Theater Latte da will move its founding artistic director, Peter Rothstein, to Florida’s Asolo Repertory Theater in June, and the Hennepin Theater Trust has announced that President and CEO Mark Nellenhausen will step down in the fall.
While two Minneapolis theater companies are looking for a new leader, St. Paul’s Historical Theater has found a torchbearer to carry on its legacy.
Richard D. Thompson was appointed artistic director in early January. His role may be new, but his history with the theater company dates back to his 1996.
what do you mean? The news, analysis, and community conversations here are funded by individual donations. Please donate any amount today to support this resource for everyone.
“Ron Perso, who has been the artistic director here for nearly 30 years, saw a production I did at the Penumbra Theatre, and asked if I was interested in directing the show,” Thompson says.
Since that first directing gig, Thompson has returned to the historical theater repeatedly in a variety of roles.
History Theater’s mission is to captivate audiences through plays that tell the many stories of Minnesota and American history. Peluso says he is confident Thompson will lead the theater well.
“He loves the theatrical history mission and plans to expand it and bring his own insights,” Peruso says. “I think we all feel really good [that] Mr. Thompson sits in a hot seat, so to speak. ”
Thompson’s agenda is that he’s interested in telling the story of the “untold” community.
“I’m also interested in not excluding other stories,” adds Thompson. “We’re not trying to take stories out of the historical repertoire, but we’re just adding more.”

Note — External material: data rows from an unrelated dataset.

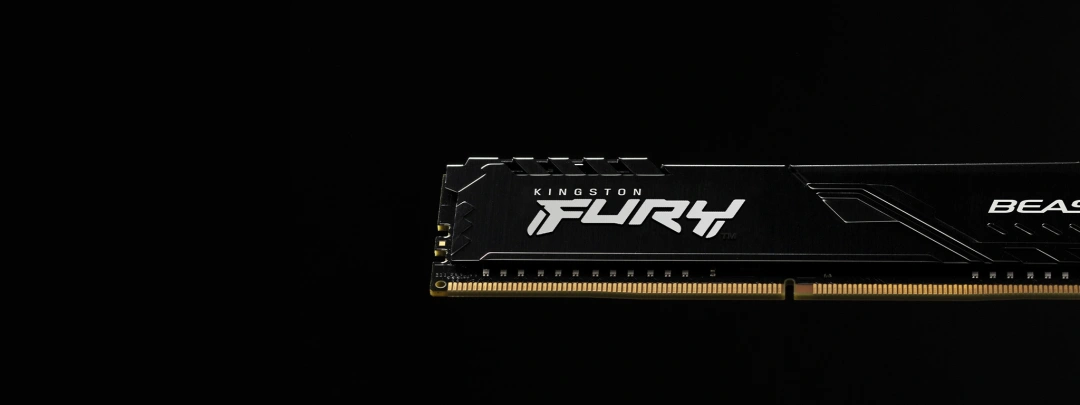 KINGSTON FURY Beast 16GB 2666MHz DDR4 CL16 DIMM Black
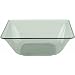 Solia PL20326 Salad Bowl, 185-Ounce Capacity, 11-25/64" Length x 11-25/64" Width x 3-57/64" Height, Smoke Grey (Case of 25)
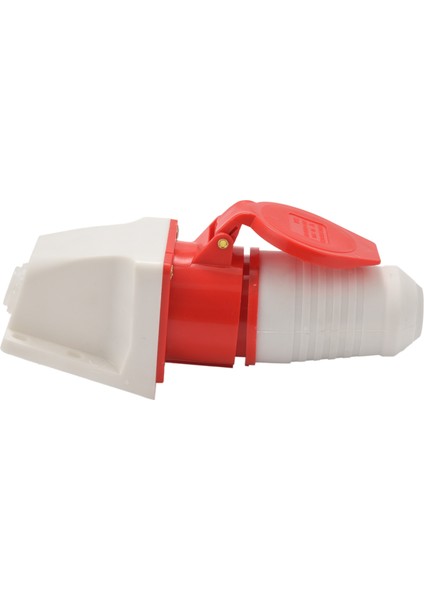 16 Amp 5 Pın Fikli ve Soket Hava Dahil IP44 3 Faz 380-415V 3p + N + No Earth 16A (Yurt Dışından)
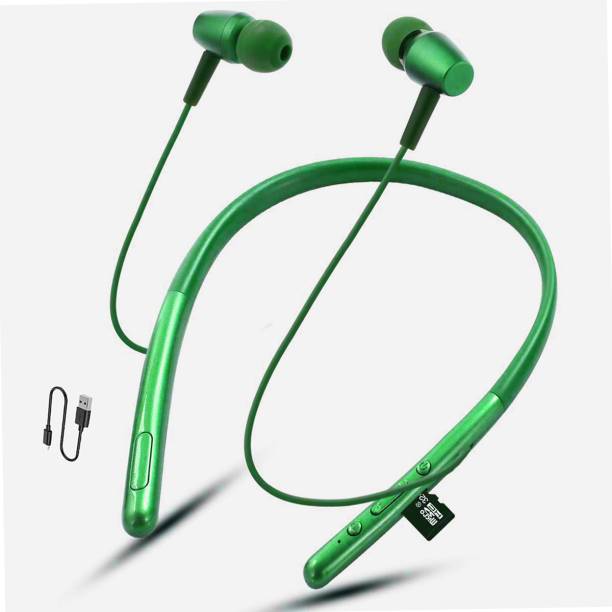 TEQIR Running waterproof sports wireless neckband headphone earphones tws for sports Bluetooth Gaming Headset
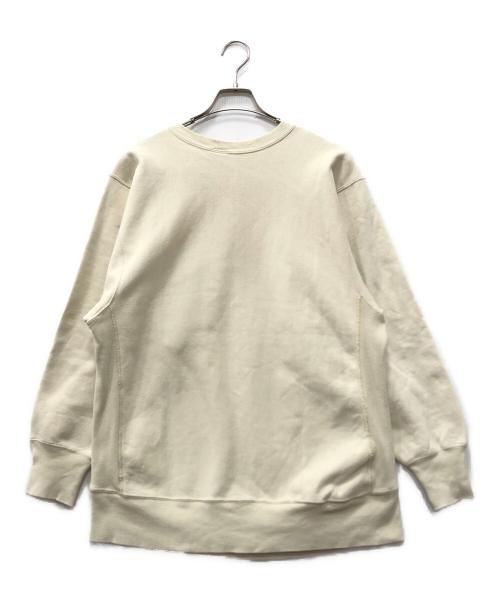 Champion（チャンピオン）Champion (チャンピオン) 90sリバースウィーブスウェット アイボリー サイズ:XLの古着・服飾アイテム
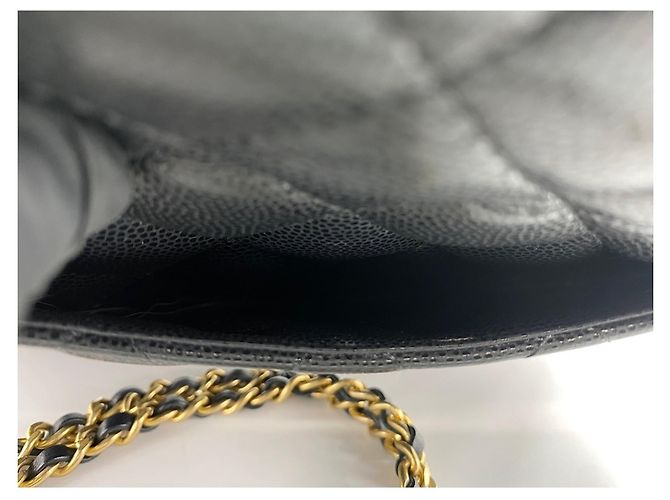 Chanel Matelassé Schultertasche Schwarz - Ansicht 14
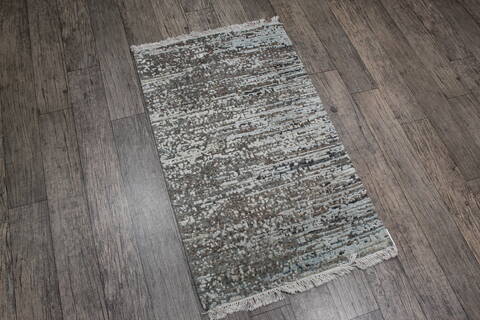 Jaipur Grey Hand Knotted 20 X 30 Area Rug 124-146985 Image 1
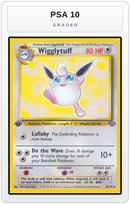 Graded - Wigglytuff (32) — PSA 10 graded overlay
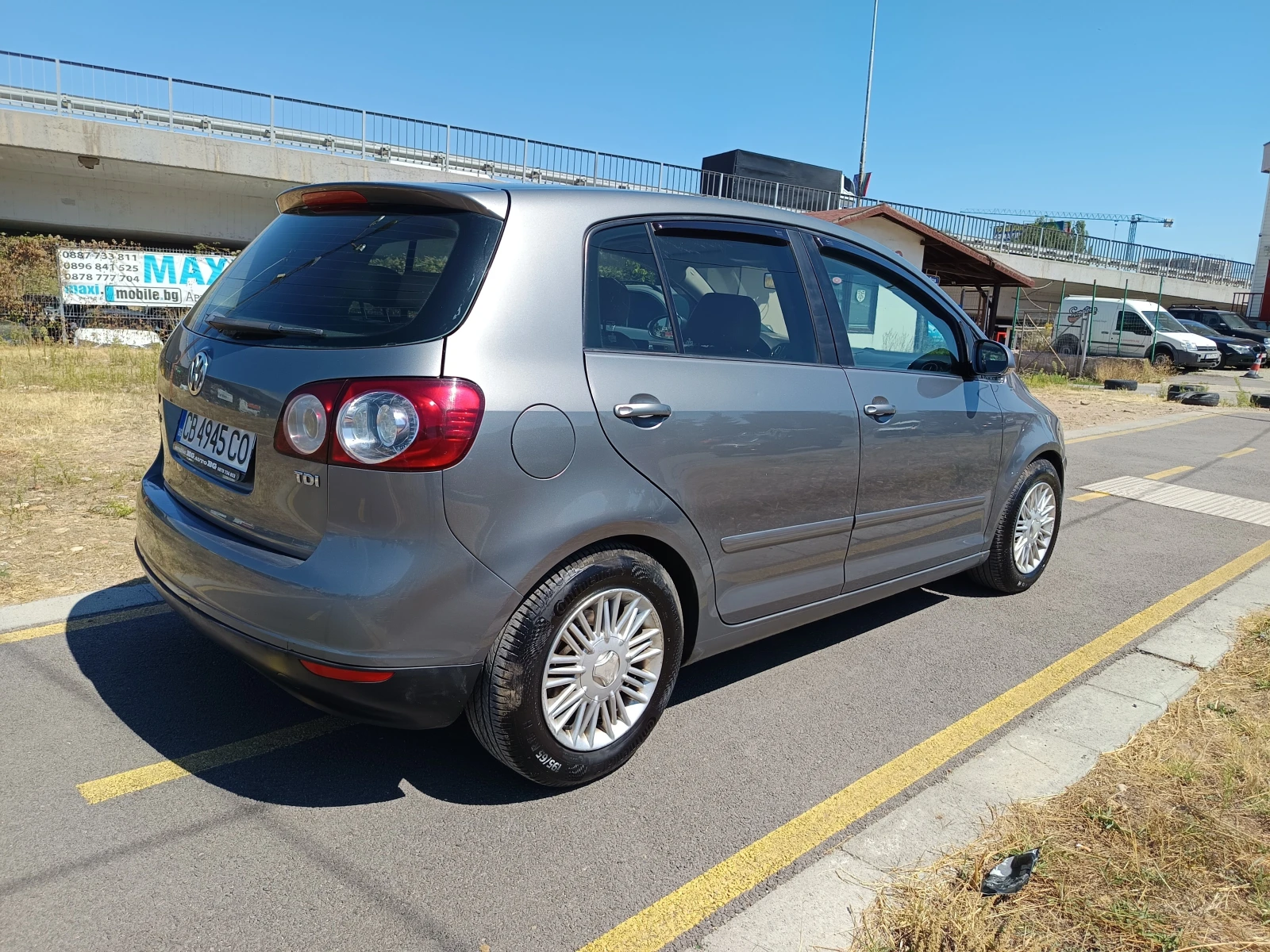 VW Golf Plus 1.9TDI  - изображение 5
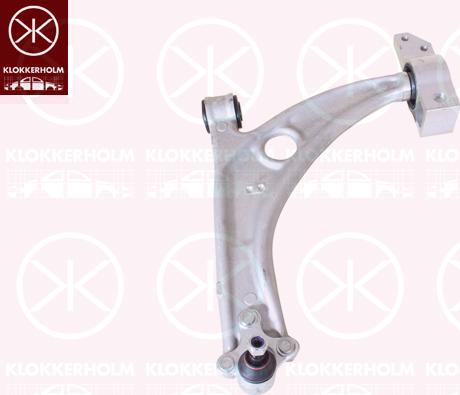 Klokkerholm 9548361 - Рычаг подвески колеса autospares.lv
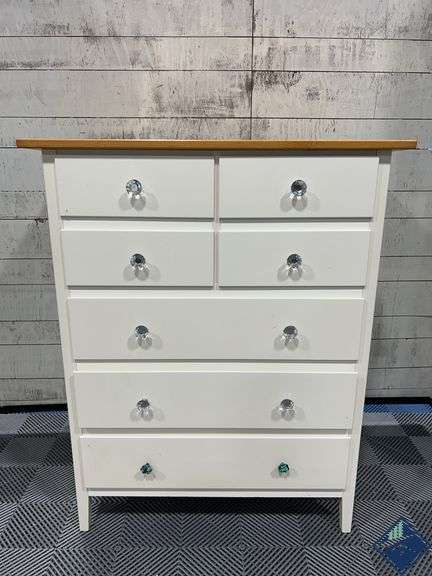 Ivory Dresser (one drawer needs fixed)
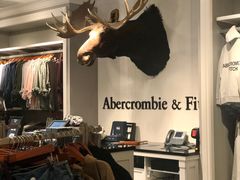 店内环境-Abercrombie & Fitch(天环广场店)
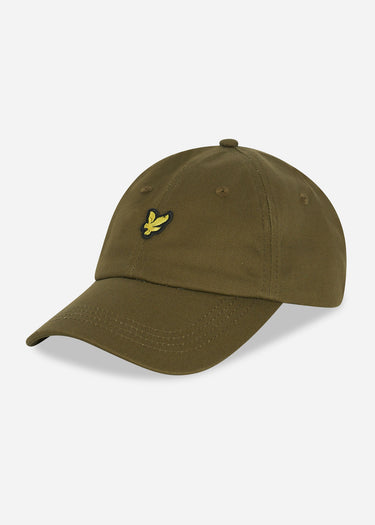 Lyle & Scott Petten Baseball cap - olive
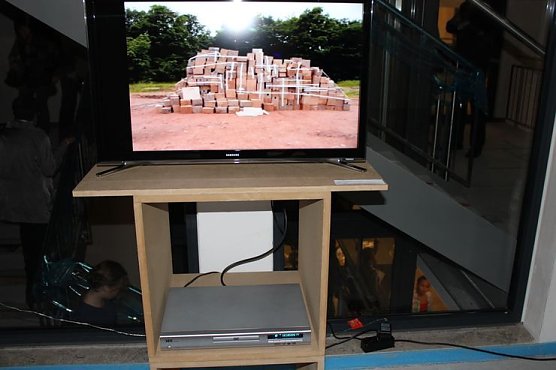 100 Werke der 8. JugendKunstBiennale (Foto: Karl-Heinz Herrmann)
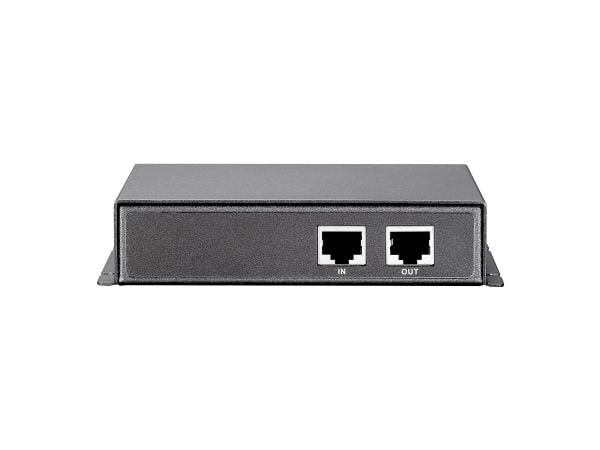 LevelOne POR-0100 PoE Repeater - Forsterker - 100Mb LAN - 10Base-T, 100Base-TX - opp til 100 m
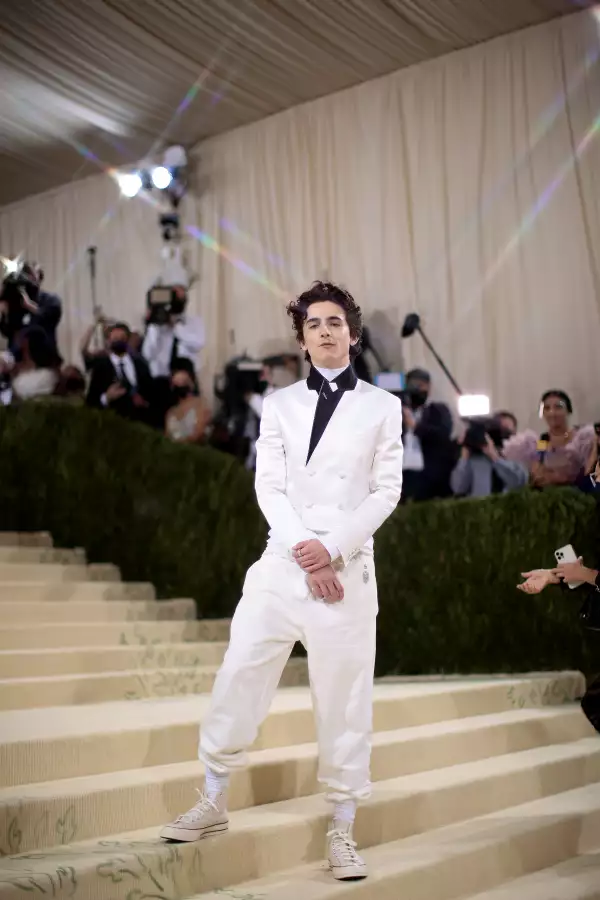 The 2021 Met Gala Celebrating In America: A Lexicon Of Fashion - Arrivals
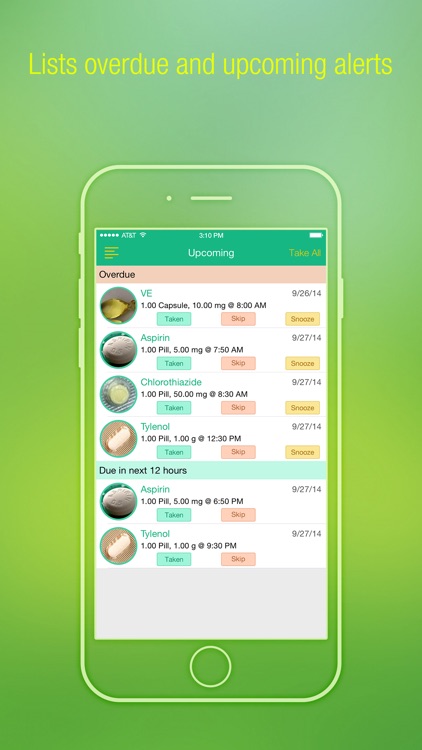 Pill Alert Pro screenshot-0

He attributes his interest in different stories to his love of school and education. Not only from his own experience as an African-American, but also from the experiences of his friends and neighbors from multicultural backgrounds.
“My mom’s friends were very diverse, ethnically and religiously,” says Thompson.
He also said he had the opportunity to live in Germany when he was younger, which shaped his worldview.
“All of that infused me with great curiosity about who we are as human beings.”
Thompson will work with Karen Mueller, the theater’s longtime managing director. She has worked with Thompson before.
“We know each other, we understand how each other works, and it’s been a good start on how we’re going to work together,” Mueller said. increase.
Mueller also said theaters are navigating uncertainty as the COVID-19 pandemic drags on, and discussions are beginning to take place about next steps and who to partner with in the community.
“It’s a complicated conversation, but an exciting one, and I’m looking forward to getting it started,” Muller says.
For Thompson, current events play an important role in how he chooses his inaugural season. But nothing new in history.
“That was about 100 years ago. There was a pandemic… When it comes to the concept of fraud, it’s not new, as it was with George Floyd. [W. E. B.] Du Bois and others have written about it all along,” says Thompson.
“My choices don’t necessarily look at what people are more aware of. They always look at the problems we’ve faced.”
The first season, curated by Thompson, begins this fall. Thompson will also direct History Theater’s final show of the season, The Defeat of Jesse James.